TASK INSTRUCTIONS → Copy every entry as is. Leave images out.

RECORDS PROVIDED →
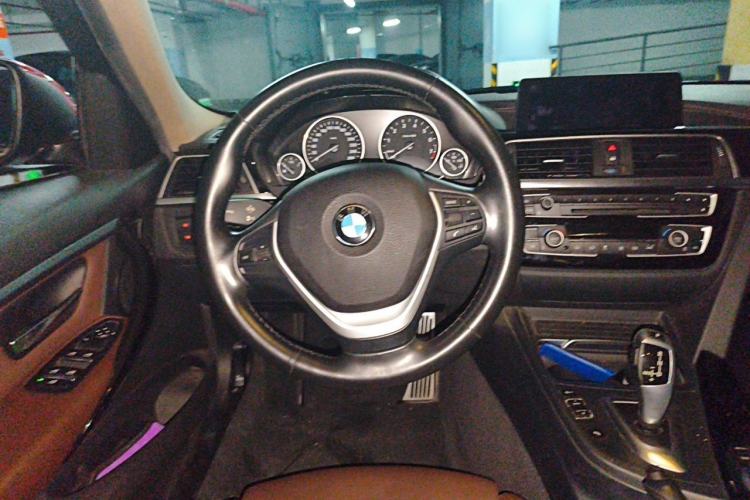 Used BMW 3 Series 2019 320Li Fashion Model Steering Wheel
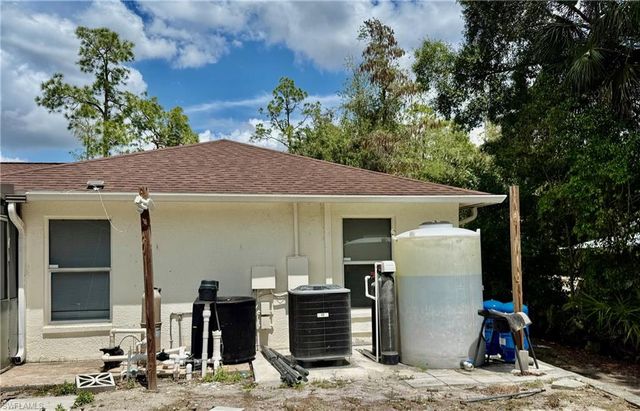 4070 Golden Gate BLVD E, Naples, FL 34120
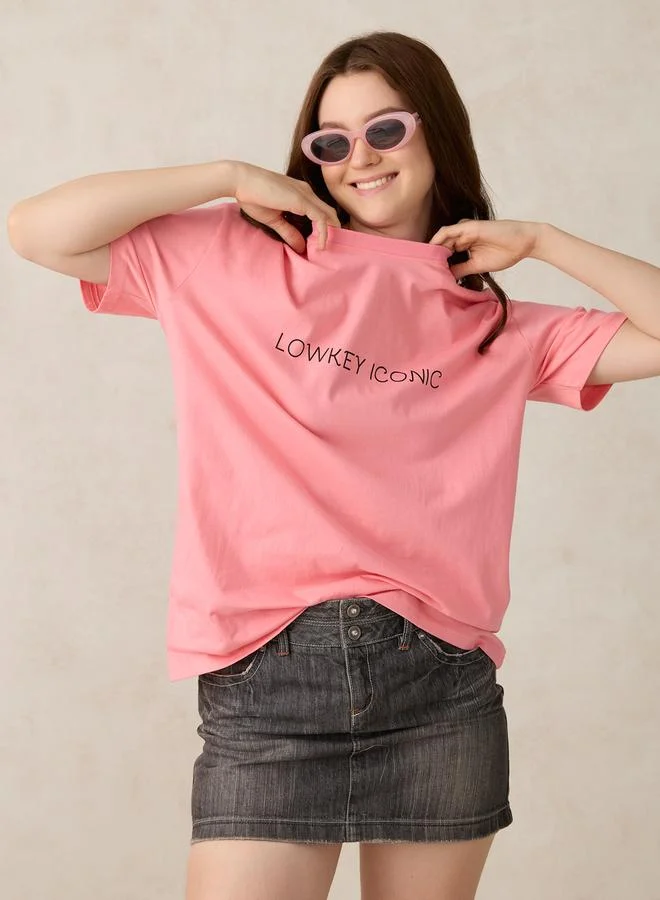 أوجيدر تيشيرت وردي واسع بطبعة كتابة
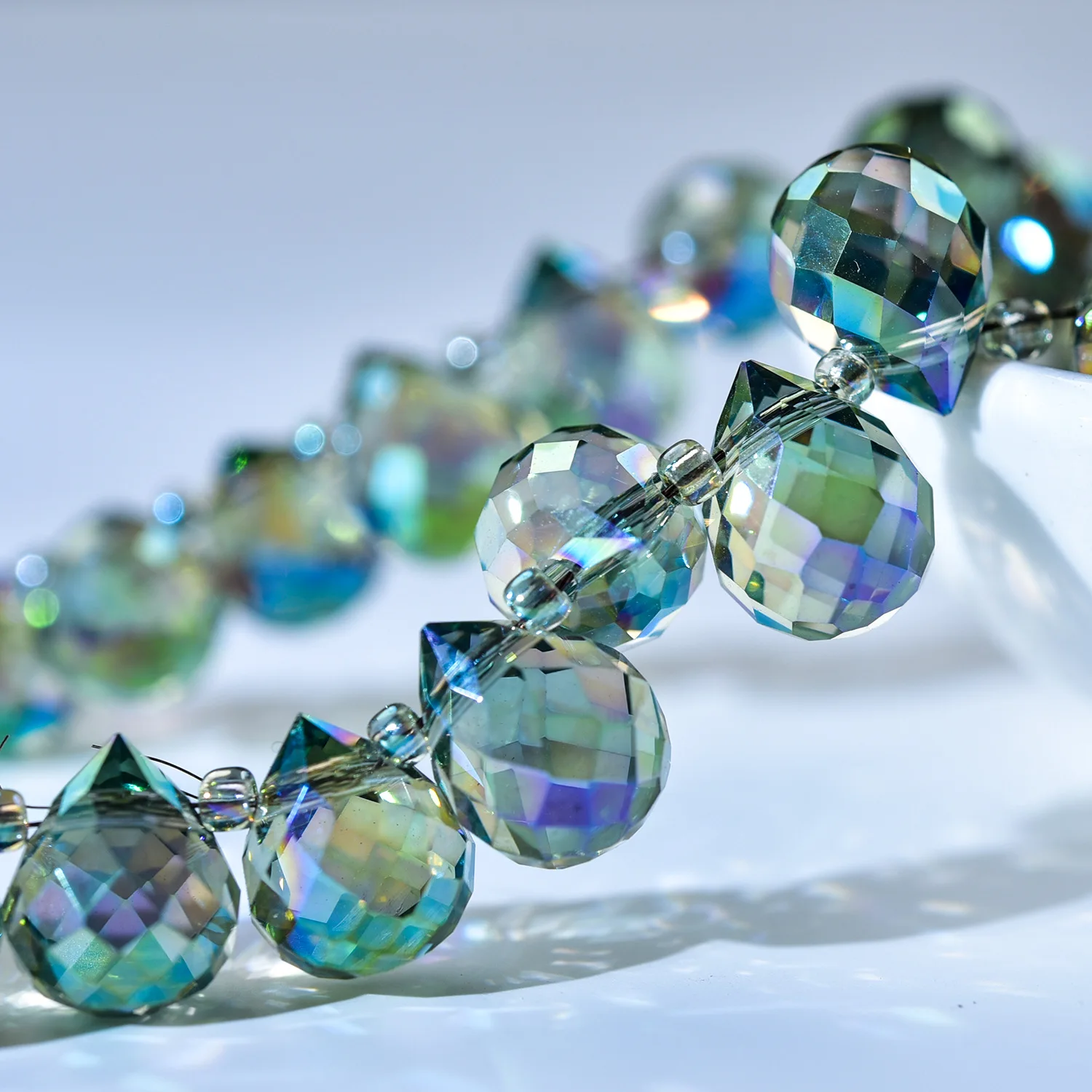 

Green Crystal Beads Glass Geometric Water Drop Loose Spacer Bead for Jewelry Making DIY Bracelets Earrings Necklace Accessories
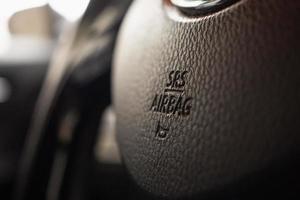 veiligheid airbag teken Aan auto stuurinrichting wiel met toeter icoon foto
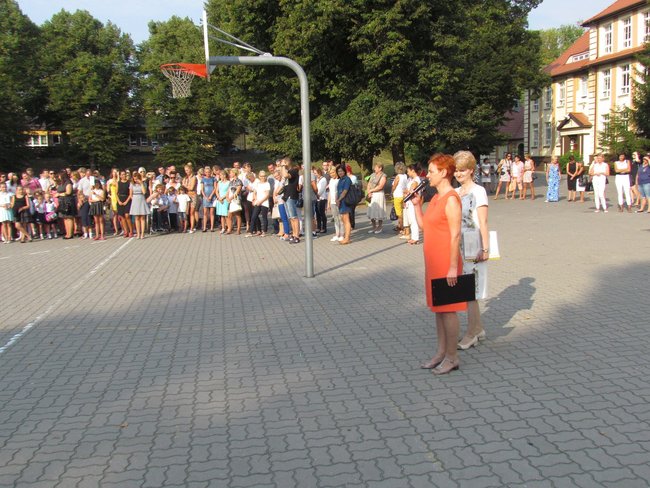 Rozpoczęcie roku w SP 1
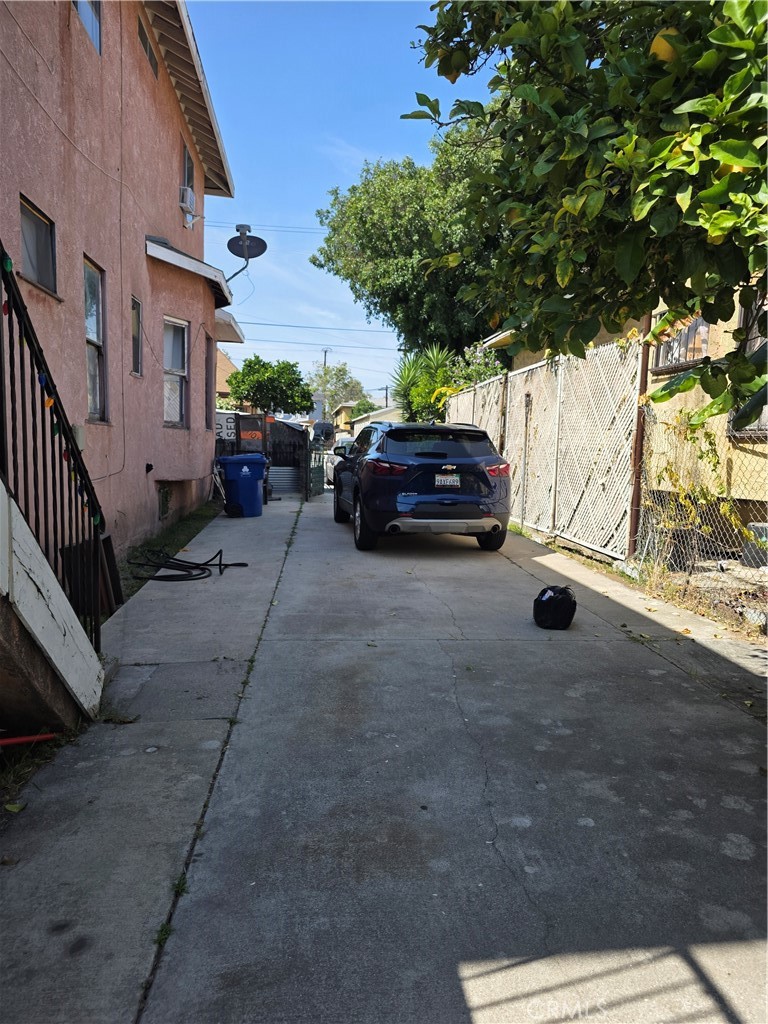 1236 W 24th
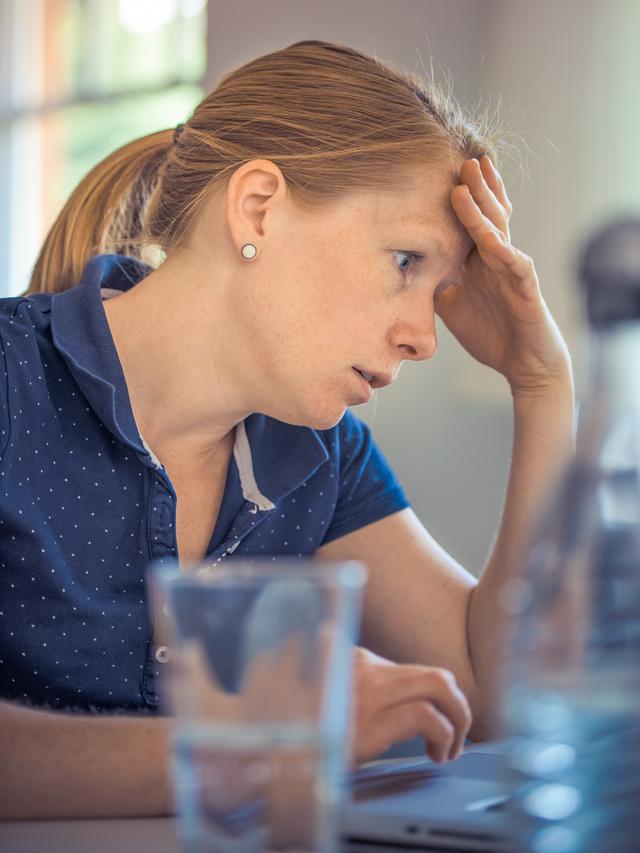 ilustrasi stres menyebabkan sembelit/pexels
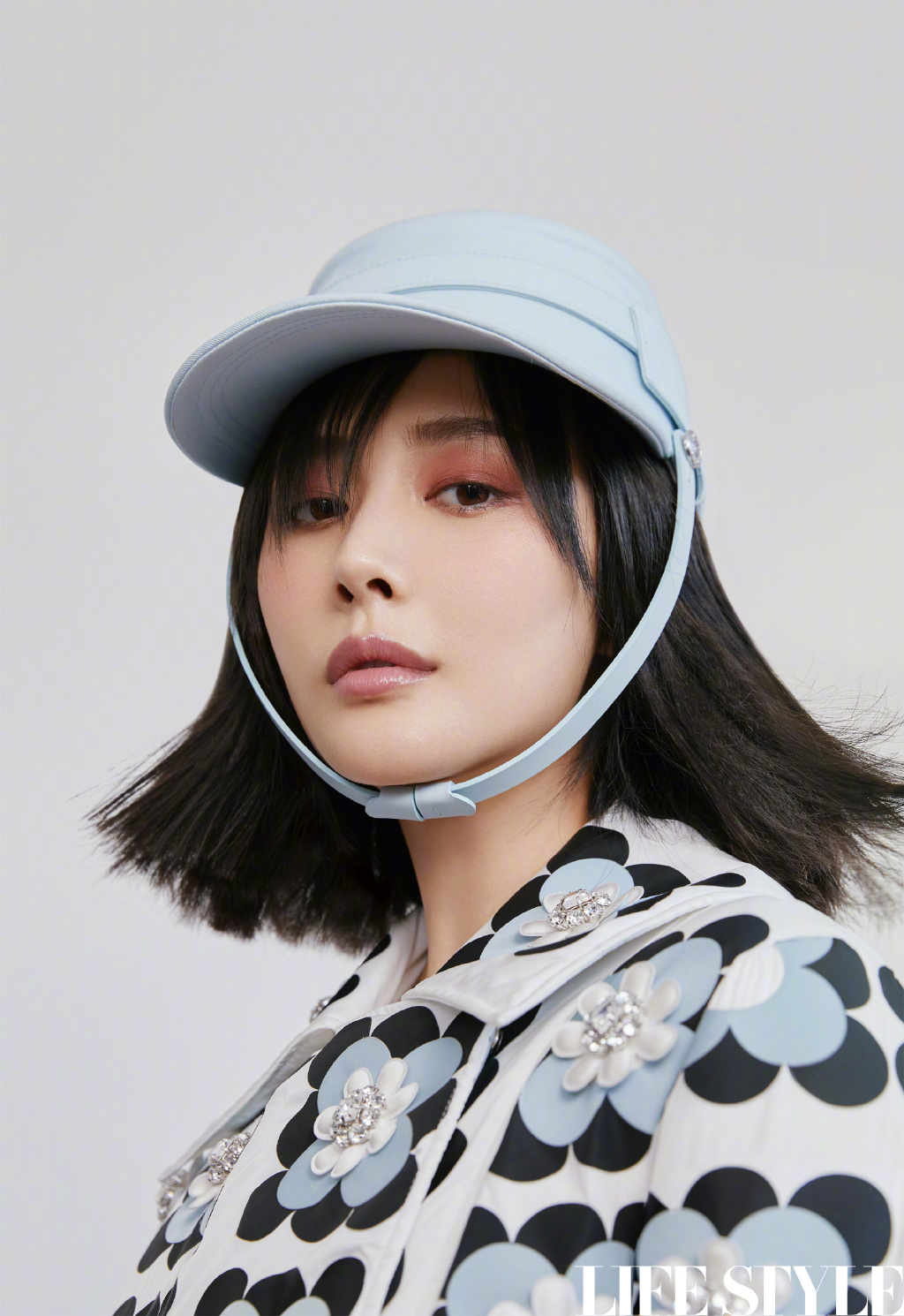 高清中国内地安徽芜湖女演员李纯舞蹈造型性感写真图片图片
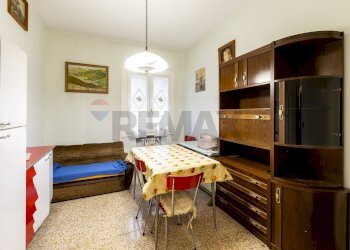 Sala da pranzo - Quadrilocale Strada Benedetta
 
20, Parma - foto 44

EXERCISE SOLUTION →
 Used BMW 3 Series 2019 320Li Fashion Model Steering Wheel
 4070 Golden Gate BLVD E, Naples, FL 34120
 أوجيدر تيشيرت وردي واسع بطبعة كتابة

Green Crystal Beads Glass Geometric Water Drop Loose Spacer Bead for Jewelry Making DIY Bracelets Earrings Necklace Accessories
 veiligheid airbag teken Aan auto stuurinrichting wiel met toeter icoon foto
 Rozpoczęcie roku w SP 1
 1236 W 24th
 ilustrasi stres menyebabkan sembelit/pexels
 高清中国内地安徽芜湖女演员李纯舞蹈造型性感写真图片图片
 Sala da pranzo - Quadrilocale Strada Benedetta
 
20, Parma - foto 44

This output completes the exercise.